C’è una ragazza in strada a Freo che è appena arrivata, ma
sembra sia lì da sempre. Intorno al pianeta rosso del suo cuscino, che usa per
attutire la durezza del mondo, gravita una costellazione di personaggi, artisti
di strada, venditori, gente che si apre al suo sorriso, ricambiandolo. Lei
sembra essere lì da sempre, ma se ti avvicini, dal suo inglese, capisci che è
appena caduta sotto l’ombra di quella pianta su cui si arrampicano bimbi
scimmia, o sotto l’ombra delle verande dei ristoranti cinesi dove i genitori
dei bimbi scimmia pranzano o cenano; lei è sempre lì, è l’ombra che si sposta,
cercandola. Proteggendola.
Il cielo blu che confina col suo pianeta rosso è un tappeto
cosparso di oggetti che ricordano gli ornamenti delle donne indiane prima del
matrimonio. Ma la ragazza può anche, e soprattutto, trasformare piume in
orecchini, treni in collane, orche in bracciali, conchiglie in ciò che la tua
fantasia segreta e bambina sogna ma non oserebbe raccontarti.

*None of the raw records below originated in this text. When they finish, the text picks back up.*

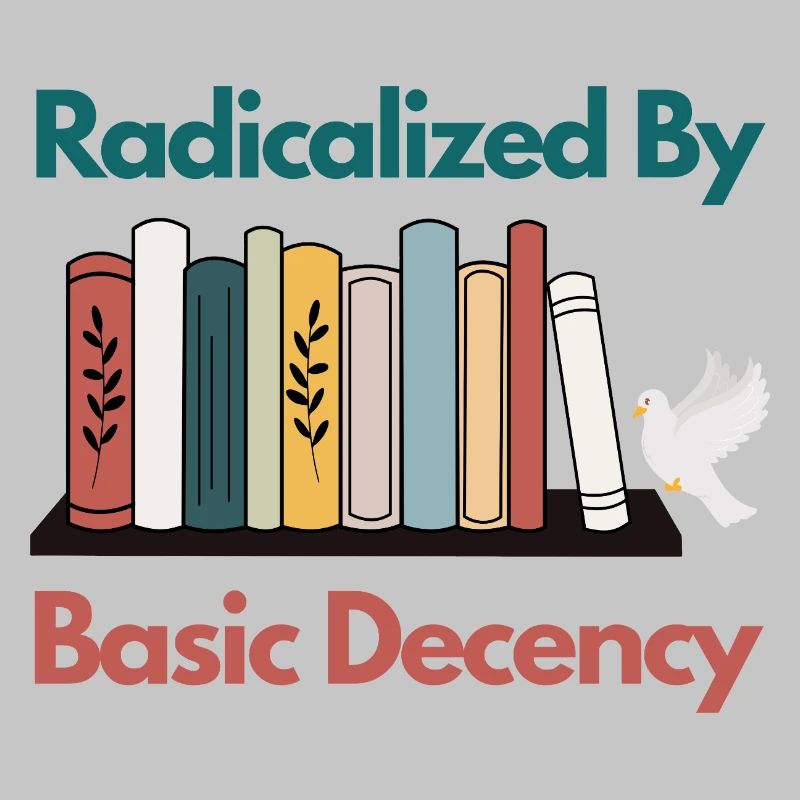 Radicalized By Basic Decency Funny Sarcastic 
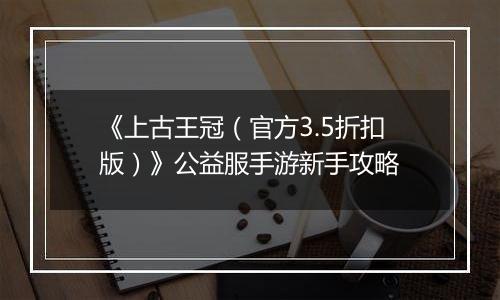 《上古王冠（官方3.5折扣版）》公益服手游新手攻略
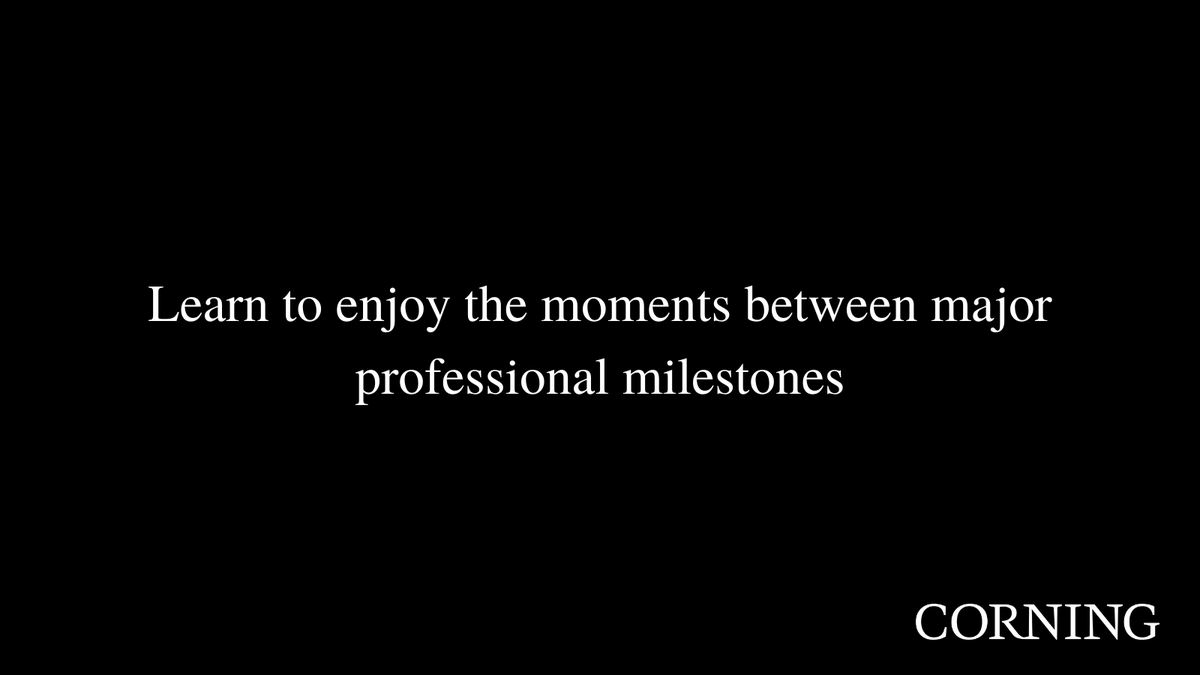Learn to enjoy the moments between major professional milestones

Apply Now: corningjobs.corning.com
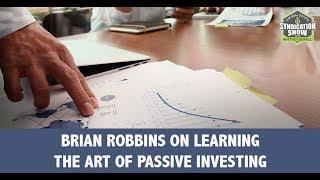 Brian Robbins on Learning The Art Of Passive Investing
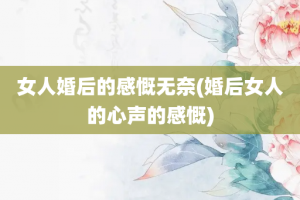 女人婚后的感慨无奈(婚后女人的心声的感慨)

Se il tempo sta per cambiare, lei lo percepisce in anticipo
e le si inceppa la F di fifteen, ma, come per il motore delle vecchie auto,
basta dare due o tre colpetti e tutto riparte e come le per le vecchie auto.

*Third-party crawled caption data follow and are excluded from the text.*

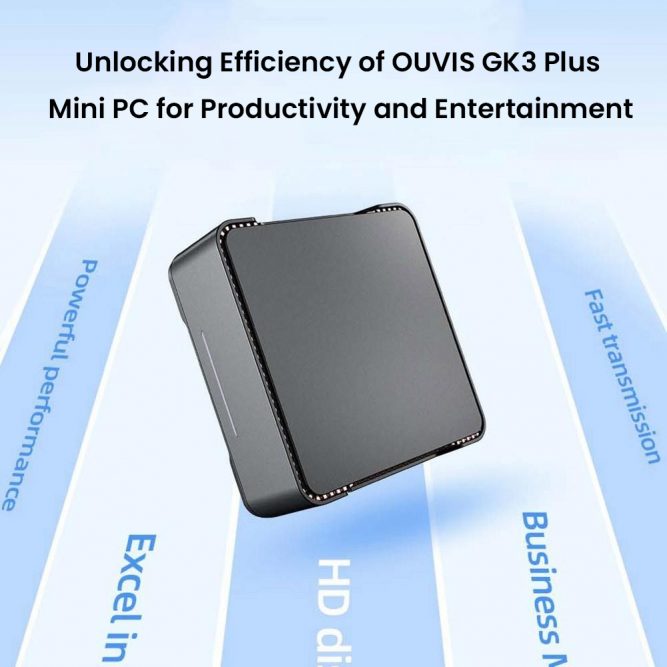 Unlocking Efficiency of OUVIS GK3 Plus Mini PC for Productivity and Entertainment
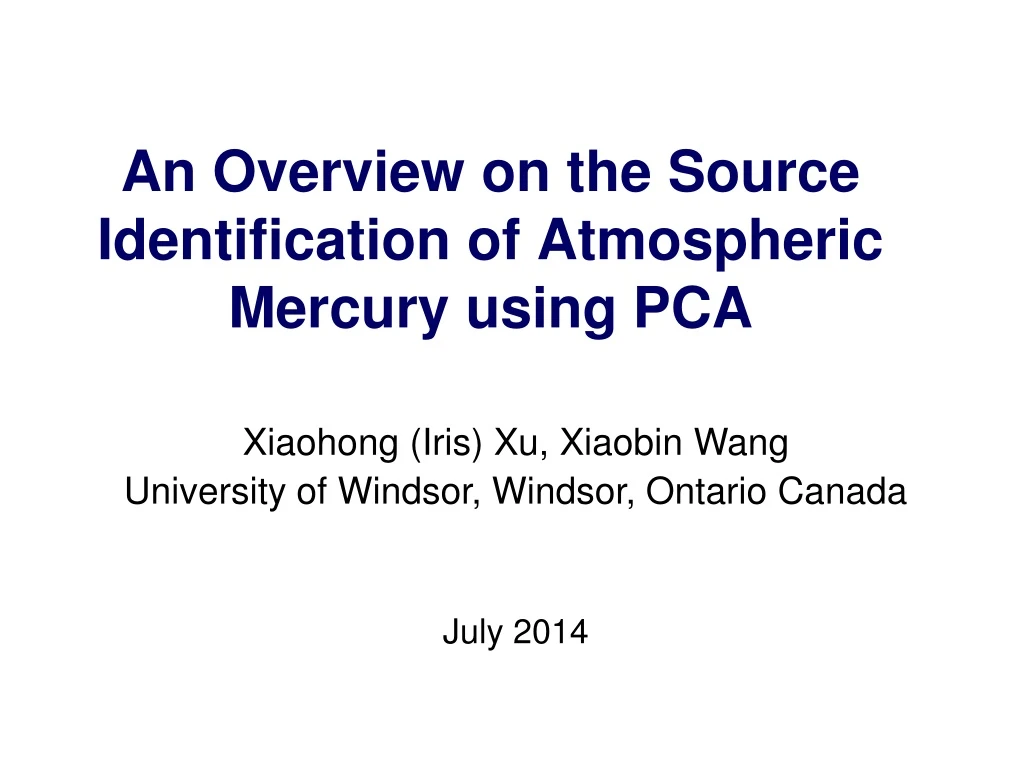 an overview on the source identification of atmospheric mercury using pca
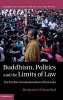 Buddhism Politics and the Limits of Law - The Pyrrhic Constitutionalism of Sri Lanka (Hardcover) - Benjamin Schonthal Photo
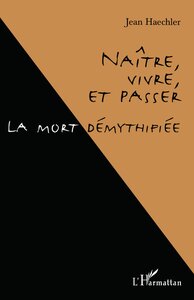 Naître, vivre, et passer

“Il bello contro il pratico è un atavico duello, io mi sono già schierato con
lei che è così bella” cantava qualcuno.
Come se stesse lì da sempre, tutto sembra ruotarle intorno:
nuovi venditori chiedono il suo consenso per sederle accanto, aborigeni e
vecchi saggi indiani si chinano sino a sfiorare il suo pianeta per baciarla in
segno di rispettoso saluto, un eclettico batterista in pensione per
un’imprecisata turba mentale, le fa da mentore: consigliere musicale su ciò che
avviene in città e sulle sue future session, da consigliere alimentare sul
momento migliore per comprare al mercato: la domenica dalle 4 di pomeriggio i
venditori di frutta e verdura cinesi svendono tutti i loro prodotti a un
dollaro ed è un delirio di mercanti che urlano “One dolla! One dolla!”, o chi
ha più fretta “dolla! dolla! dolla!”. Pedro, del market del centro, l’ha vista
così wonderful e beautiful e le ha chiesto di vendere anche dei suoi oggetti
dai colori e tessuti dalle fattezze nepalesi, che lui è troppo stanco e si
limita a vecchie insegne americane anni ’50.

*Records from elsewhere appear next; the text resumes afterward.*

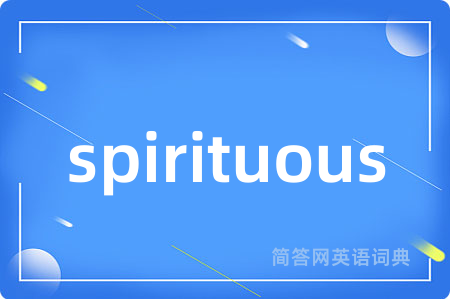 spirituous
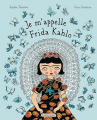 Couverture Je m'appelle Frida Kahlo Editions Casterman 2025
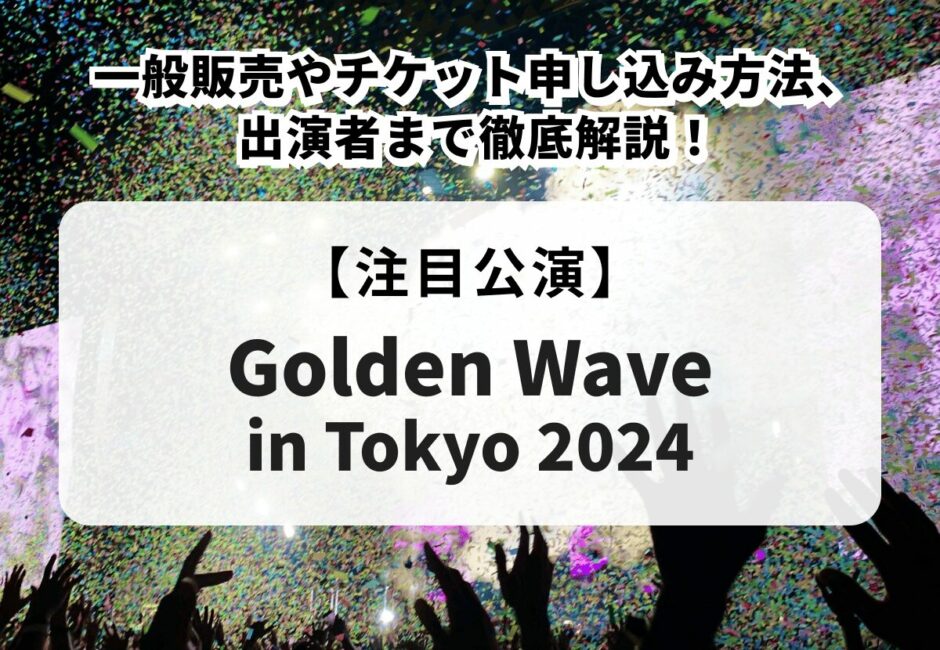 【Golden Wave in Tokyo 2024】一般販売やチケット申し込み方法、出演者まで徹底解説！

L’universo si riempie di cose, colori, forme,
tradizioni, e lei è lì che veglia silenziosa come farebbe un dio creatore. La
ragazza è seduta e guarda sia i lenti turisti che i frettolosi lavoratori dal
basso all’alto, ma, come se si rimpiccolissero, tutti quelli che passano
scendono al suo livello quando costeggiano il suo pianeta rosso e si scambiano
un cenno di saluto inevitabile. Naturalmente non sono solo saluti: sono in
molti che si fermano a contemplare le trame indiane, o i suoi oggetti creati a
mano o quelli cuciti con meticolosa precisione passando e ripassando le proprie
sottili dita sotto la mitragliatrice della sua Singer del ’52, gentilmente
offerta da un italiano e riparata da un altro, entrambi ammaliati dal genuino
calore del suo sorriso (uno di più).